_About this task:_ Your answer must be the lines of the entries below, exactly as written, from the first line through the line containing "Figure 8-12: Proper".

+++ Records for the exercise +++

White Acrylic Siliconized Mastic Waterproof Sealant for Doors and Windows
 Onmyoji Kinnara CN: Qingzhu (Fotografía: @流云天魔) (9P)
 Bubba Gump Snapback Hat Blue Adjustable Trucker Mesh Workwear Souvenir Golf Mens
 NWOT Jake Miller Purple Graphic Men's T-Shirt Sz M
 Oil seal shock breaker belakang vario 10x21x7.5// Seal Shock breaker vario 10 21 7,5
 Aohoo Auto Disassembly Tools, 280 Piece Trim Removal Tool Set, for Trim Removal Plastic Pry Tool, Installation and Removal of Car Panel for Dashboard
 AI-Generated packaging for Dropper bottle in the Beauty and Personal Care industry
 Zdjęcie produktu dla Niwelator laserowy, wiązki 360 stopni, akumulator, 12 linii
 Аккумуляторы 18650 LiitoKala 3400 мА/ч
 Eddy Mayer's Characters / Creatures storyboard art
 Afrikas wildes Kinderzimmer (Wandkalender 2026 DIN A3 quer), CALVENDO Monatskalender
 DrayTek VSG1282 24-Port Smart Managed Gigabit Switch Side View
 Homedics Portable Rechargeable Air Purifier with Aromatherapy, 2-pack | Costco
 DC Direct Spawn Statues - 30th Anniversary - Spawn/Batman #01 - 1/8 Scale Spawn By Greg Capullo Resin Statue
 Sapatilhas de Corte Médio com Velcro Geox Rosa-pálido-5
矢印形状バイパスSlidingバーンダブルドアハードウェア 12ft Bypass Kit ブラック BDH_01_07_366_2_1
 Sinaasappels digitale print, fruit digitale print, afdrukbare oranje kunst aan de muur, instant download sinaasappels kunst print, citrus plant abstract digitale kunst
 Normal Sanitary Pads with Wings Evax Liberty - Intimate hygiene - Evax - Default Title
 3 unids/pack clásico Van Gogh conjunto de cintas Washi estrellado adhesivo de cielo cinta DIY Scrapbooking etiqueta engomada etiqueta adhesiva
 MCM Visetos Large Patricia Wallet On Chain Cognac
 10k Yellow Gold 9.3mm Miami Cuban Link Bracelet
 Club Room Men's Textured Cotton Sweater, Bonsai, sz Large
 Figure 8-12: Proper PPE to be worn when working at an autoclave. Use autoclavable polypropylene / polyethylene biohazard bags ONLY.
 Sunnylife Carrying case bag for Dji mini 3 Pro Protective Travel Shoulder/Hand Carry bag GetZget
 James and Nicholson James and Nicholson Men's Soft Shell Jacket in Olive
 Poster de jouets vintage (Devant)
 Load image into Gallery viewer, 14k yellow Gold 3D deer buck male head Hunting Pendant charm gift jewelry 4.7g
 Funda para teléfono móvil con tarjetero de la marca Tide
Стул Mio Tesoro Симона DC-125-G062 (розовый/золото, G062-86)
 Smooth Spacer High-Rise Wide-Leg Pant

+++

_Reply to the task:_
White Acrylic Siliconized Mastic Waterproof Sealant for Doors and Windows
 Onmyoji Kinnara CN: Qingzhu (Fotografía: @流云天魔) (9P)
 Bubba Gump Snapback Hat Blue Adjustable Trucker Mesh Workwear Souvenir Golf Mens
 NWOT Jake Miller Purple Graphic Men's T-Shirt Sz M
 Oil seal shock breaker belakang vario 10x21x7.5// Seal Shock breaker vario 10 21 7,5
 Aohoo Auto Disassembly Tools, 280 Piece Trim Removal Tool Set, for Trim Removal Plastic Pry Tool, Installation and Removal of Car Panel for Dashboard
 AI-Generated packaging for Dropper bottle in the Beauty and Personal Care industry
 Zdjęcie produktu dla Niwelator laserowy, wiązki 360 stopni, akumulator, 12 linii
 Аккумуляторы 18650 LiitoKala 3400 мА/ч
 Eddy Mayer's Characters / Creatures storyboard art
 Afrikas wildes Kinderzimmer (Wandkalender 2026 DIN A3 quer), CALVENDO Monatskalender
 DrayTek VSG1282 24-Port Smart Managed Gigabit Switch Side View
 Homedics Portable Rechargeable Air Purifier with Aromatherapy, 2-pack | Costco
 DC Direct Spawn Statues - 30th Anniversary - Spawn/Batman #01 - 1/8 Scale Spawn By Greg Capullo Resin Statue
 Sapatilhas de Corte Médio com Velcro Geox Rosa-pálido-5
矢印形状バイパスSlidingバーンダブルドアハードウェア 12ft Bypass Kit ブラック BDH_01_07_366_2_1
 Sinaasappels digitale print, fruit digitale print, afdrukbare oranje kunst aan de muur, instant download sinaasappels kunst print, citrus plant abstract digitale kunst
 Normal Sanitary Pads with Wings Evax Liberty - Intimate hygiene - Evax - Default Title
 3 unids/pack clásico Van Gogh conjunto de cintas Washi estrellado adhesivo de cielo cinta DIY Scrapbooking etiqueta engomada etiqueta adhesiva
 MCM Visetos Large Patricia Wallet On Chain Cognac
 10k Yellow Gold 9.3mm Miami Cuban Link Bracelet
 Club Room Men's Textured Cotton Sweater, Bonsai, sz Large
 Figure 8-12: Proper PPE to be worn when working at an autoclave. Use autoclavable polypropylene / polyethylene biohazard bags ONLY.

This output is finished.